[Data records]
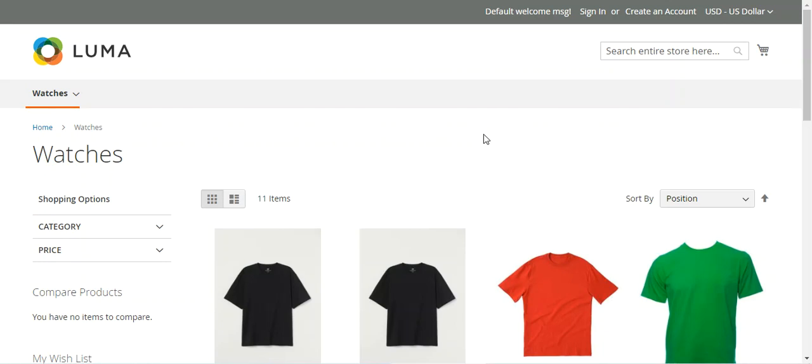Hello and welcome to this new video tutorial of Magento 2. In today's video tutorial we'll be checking out how to create bundle products in Magento 2.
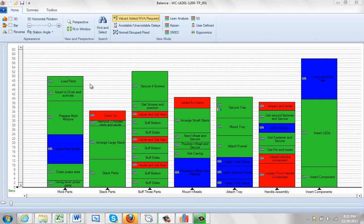As you look at this process, remember that the color coding represents whether it's value-added (the green), non-value-added (the red), or required non-value-added (the blue).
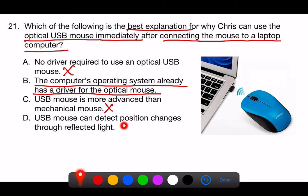D. USB mouse can detect position changes through reflected light. This statement describes how an optical mouse works in terms of detecting movement, but it does not relate to why the mouse can be used immediately upon connection to a laptop. The ability to use the mouse right away is related to driver installation and compatibility, not the method the mouse uses to detect movement.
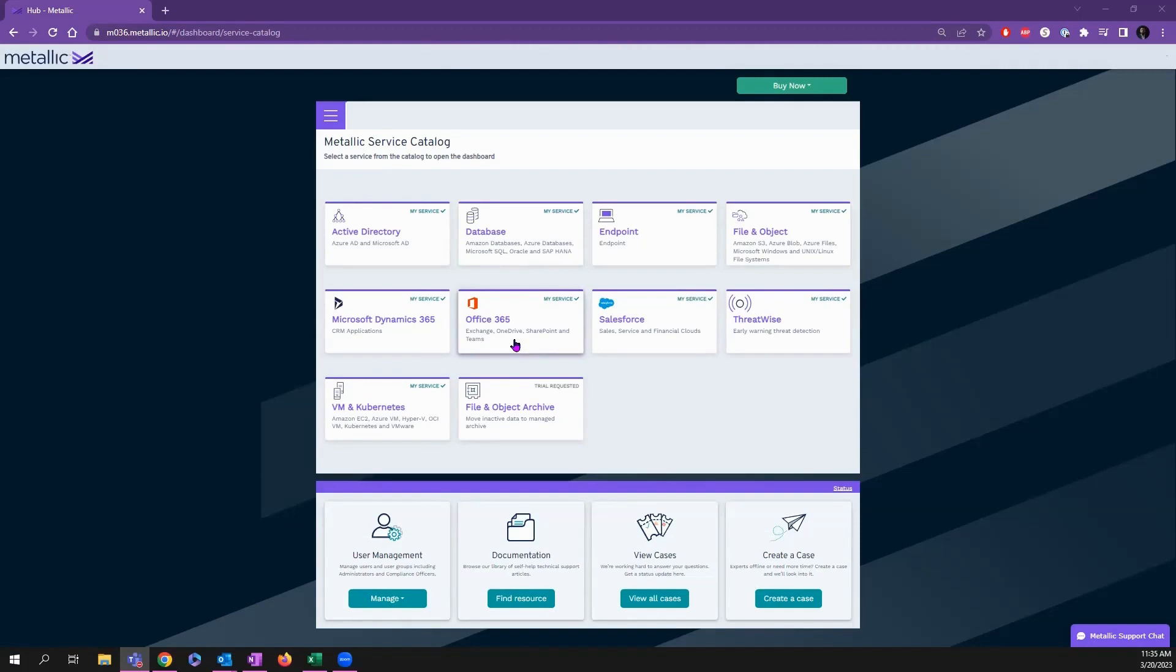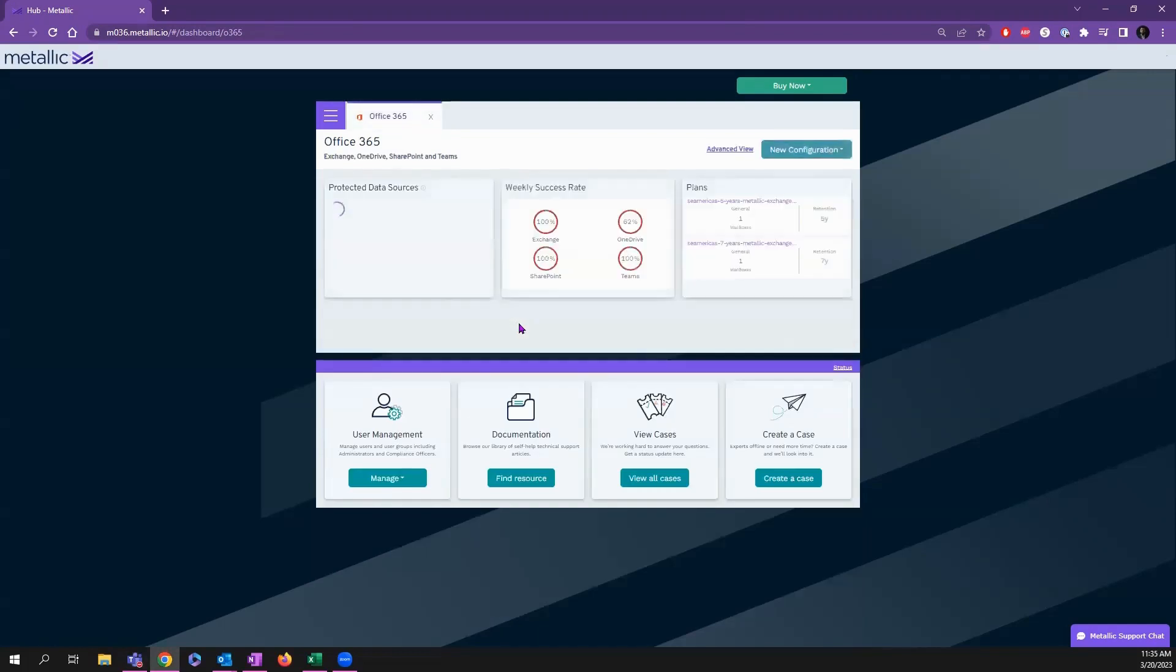We cover Active Directory, laptops, the whole nine yards. You do have access to our documentation and support. Clicking into Office 365...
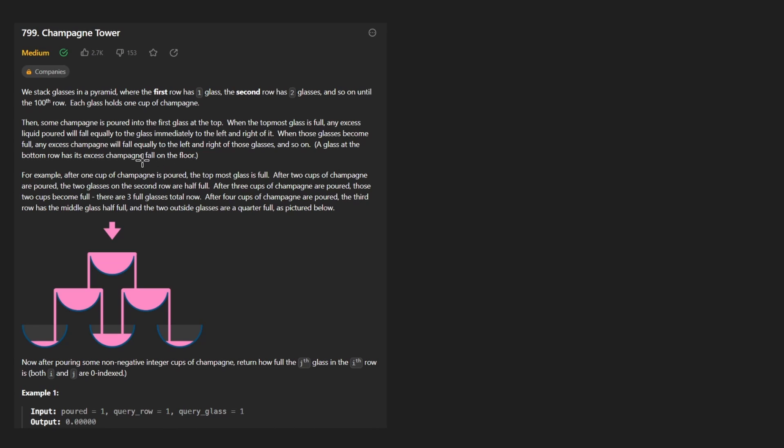Hey everyone, welcome back and let's write some more neat code today. So today let's solve the problem Champagne Tower.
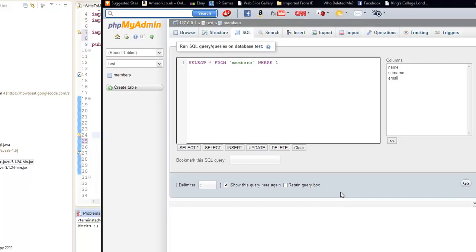Hello, this is Ishmael Azadi and welcome to your third episode of the Java MySQL tutorial. In this tutorial I'll be showing you how to write to a database using Java, and as an additional I'll be showing you how to do it in SQL.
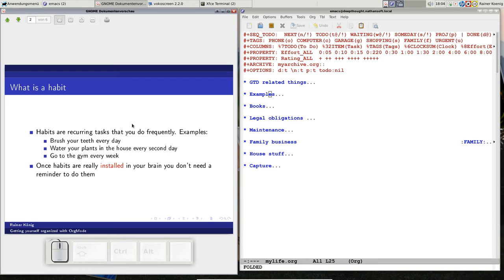So the question is, what is a habit? A habit is a recurring task that you do frequently. Every day you brush your teeth, or at least you should, or you have to water the plants in your house every second day, or you want to slim down so you go to the gym every week. Usually a habit is a small job, not a big project — just a small thing like brushing your teeth.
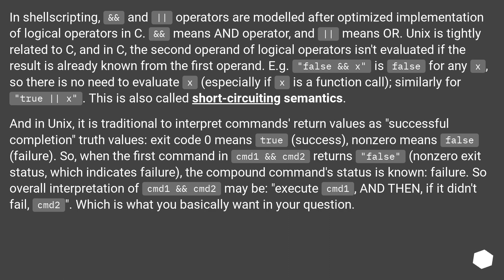And in Unix, it is traditional to interpret commands' return values as successful completion truth values. Exit code 0 means true (success), non-zero means false (failure).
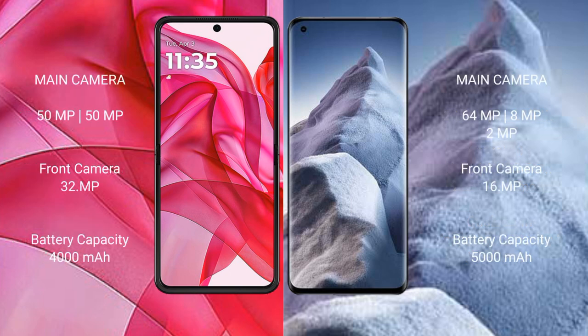The Motorola RAZR 50 Ultra features a dual rear camera setup with a 50MP main camera and a 32MP front camera. The Xiaomi Poco A5 has a triple rear camera setup with 64MP plus 8MP plus 2MP, and a 16MP front camera.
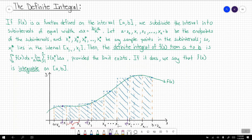This only works provided that the limit exists. If it does, we say that the function f of x is integrable on the interval from a to b.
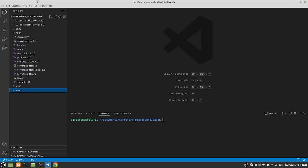Exercise number six. For this exercise we're going to look more in depth at count, for_each, and for loops.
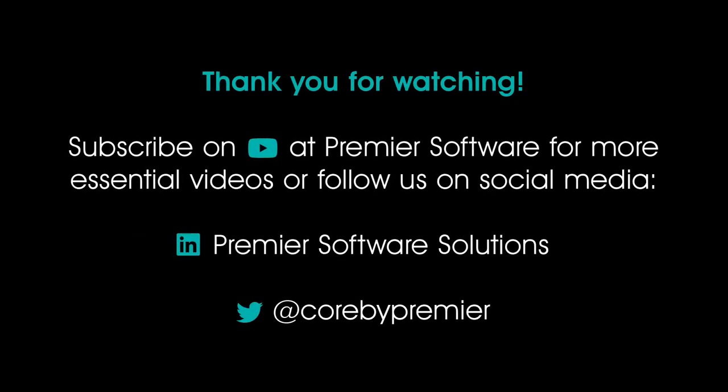Why not subscribe to us on YouTube for weekly videos on how to use Core and click the notification bell to receive updates as soon as they become available. You can also follow us on Twitter at Core by Premier and LinkedIn at Premier Software Solutions for regular content. Take care and thank you for watching.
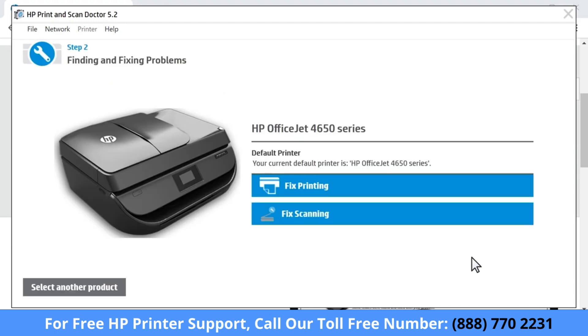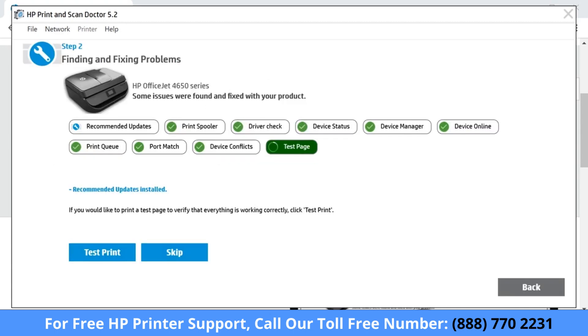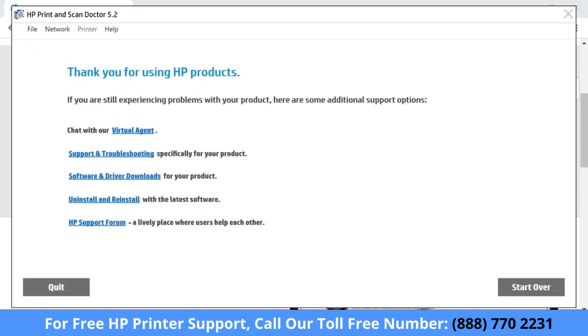The tool detects problems on the computer and connections that might prevent printing or scanning. Follow any on-screen troubleshooting prompts to fix the detected problems and resume printing or scanning.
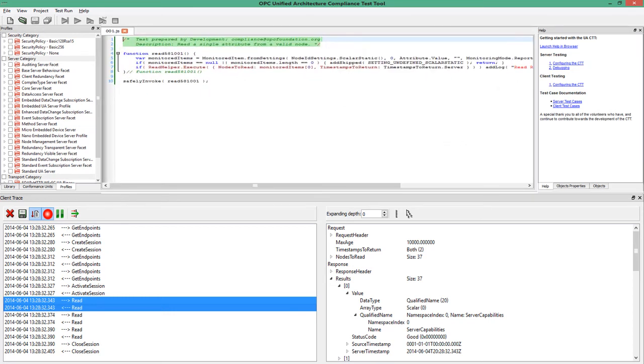In the very middle of the tool is where the test scripts can be opened, executed, created, modified, and more.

Assignment
Copy exactly the lines of the entries above from the one containing "Hey everyone, welcome" through the one containing "So the question". Both end lines count; pictures do not.

Output
Hey everyone, welcome back and let's write some more neat code today. So today let's solve the problem Champagne Tower.
Hello, this is Ishmael Azadi and welcome to your third episode of the Java MySQL tutorial. In this tutorial I'll be showing you how to write to a database using Java, and as an additional I'll be showing you how to do it in SQL.
So the question is, what is a habit? A habit is a recurring task that you do frequently. Every day you brush your teeth, or at least you should, or you have to water the plants in your house every second day, or you want to slim down so you go to the gym every week. Usually a habit is a small job, not a big project — just a small thing like brushing your teeth.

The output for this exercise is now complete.